I have just finished reading this book for a class and I have so many reactions to it that I am struggling to sort them out. I need to write a paper on it and so I am sure during that incubation period my brain will move from a "spaghetti" state to a more logical state over the book. Perhaps I should sort out my thoughts before trying to blog about some of them. Oh, well - this may help sort things out.
I am not sure that the model of small group community presented in this book is attractive to me (can I say that without being labelled consumeristic?). I understand that missional living and true community can happen best when lived out authentically in one's place of business, school, work and neighborhood. I get that.

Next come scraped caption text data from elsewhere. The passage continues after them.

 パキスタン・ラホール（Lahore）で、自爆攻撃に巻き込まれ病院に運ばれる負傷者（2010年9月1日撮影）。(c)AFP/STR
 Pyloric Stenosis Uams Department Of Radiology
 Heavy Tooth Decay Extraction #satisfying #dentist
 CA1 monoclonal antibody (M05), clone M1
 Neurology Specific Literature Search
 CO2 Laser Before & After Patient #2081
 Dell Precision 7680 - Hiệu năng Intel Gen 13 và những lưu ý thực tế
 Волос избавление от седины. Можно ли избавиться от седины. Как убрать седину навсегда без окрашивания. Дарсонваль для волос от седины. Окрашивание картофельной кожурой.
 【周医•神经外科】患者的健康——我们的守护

I am not sure though that I can fully embrace the intensity of it. Bottom line, I get bored too quicky. If I feel like I have to be with the same people, all the time, I tend to flee. It is a very strange trait, and I know that already. I have a circle of friends that I share great intimacy and community with. I love that, but it seems so spontaneous and creative still, compared to the "mandated" manner in which this small group system of Frazee's appears. Bottom line, I think I tend to lose interest and get bored with something (even as necessary as communtiy) when I am backed into a corner and have no option for change or reinvention.

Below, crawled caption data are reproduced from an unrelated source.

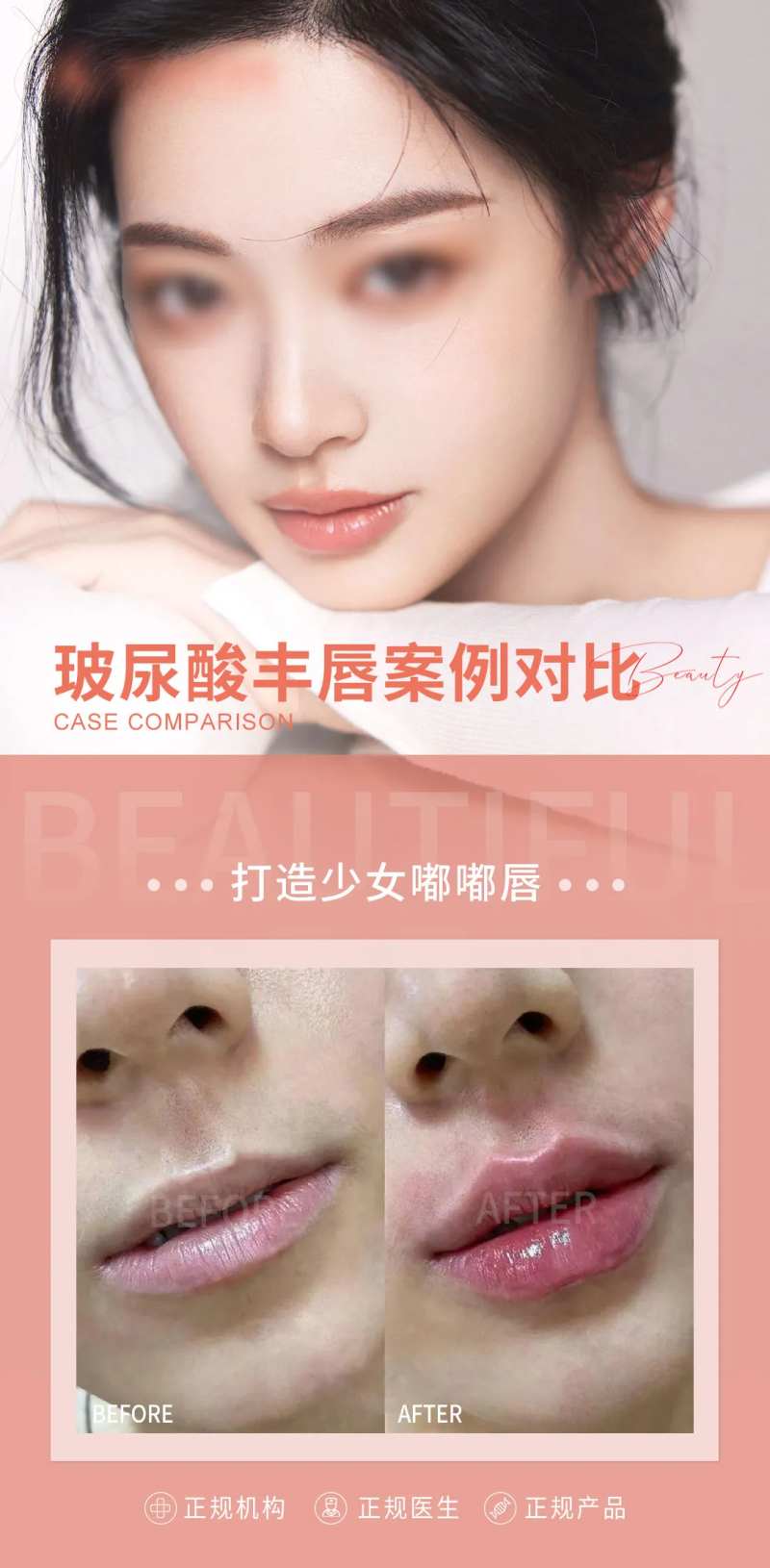 医美丰唇海报-采灵感-cailinggan.com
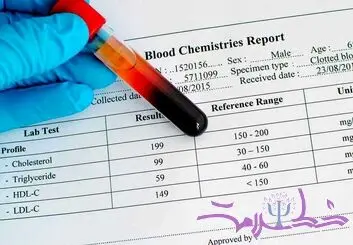 HDL در آزمایش خون نشانه چیست؟ + سطح مطلوب برای زنان و مردان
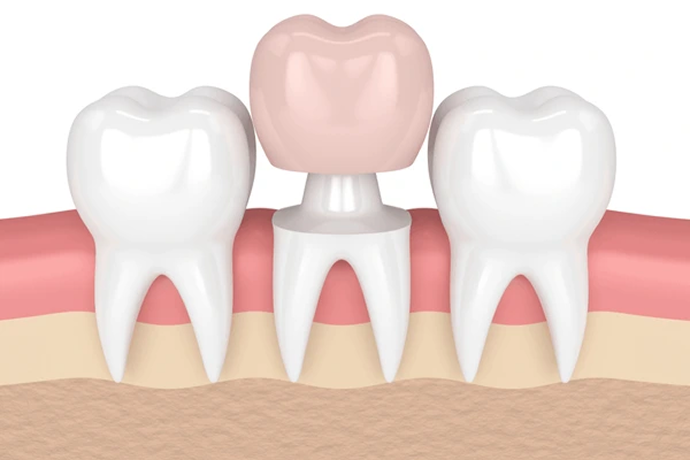 All-ceramic or all-porcelain Crowns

Having said that, I understand the point of the system laid out in the book, is to make community "all of life" and not a system or a program. It is a way of being in the world, the church and in life. I know that in my head, I can't get my heart to go there completely.

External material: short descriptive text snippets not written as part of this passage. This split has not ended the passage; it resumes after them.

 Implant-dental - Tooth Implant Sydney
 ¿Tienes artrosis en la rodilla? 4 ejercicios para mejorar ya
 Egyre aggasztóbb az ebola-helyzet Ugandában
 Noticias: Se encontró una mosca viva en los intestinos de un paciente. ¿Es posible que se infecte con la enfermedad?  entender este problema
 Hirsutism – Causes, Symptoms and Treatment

But here is one thing I have loved from this book. Frazee talks about community forming around common belief. It is a rare thing to truly share common beliefs on theological issues. He sees this as a barrier to community. I have never thought of this and sometimes even pride myself on "being different" to the group. So, I have explored this idea and pulled the "30 core beliefs" from the Pantego church website. The reason it is making me excited, is that I think I have a core of things I want to teach my kids. Not that they have to flesh out the same way, but so that we can hold up these things and say, "this is what I believe." I love this. It is perhaps the start of them developing a true theology & ecclesiology.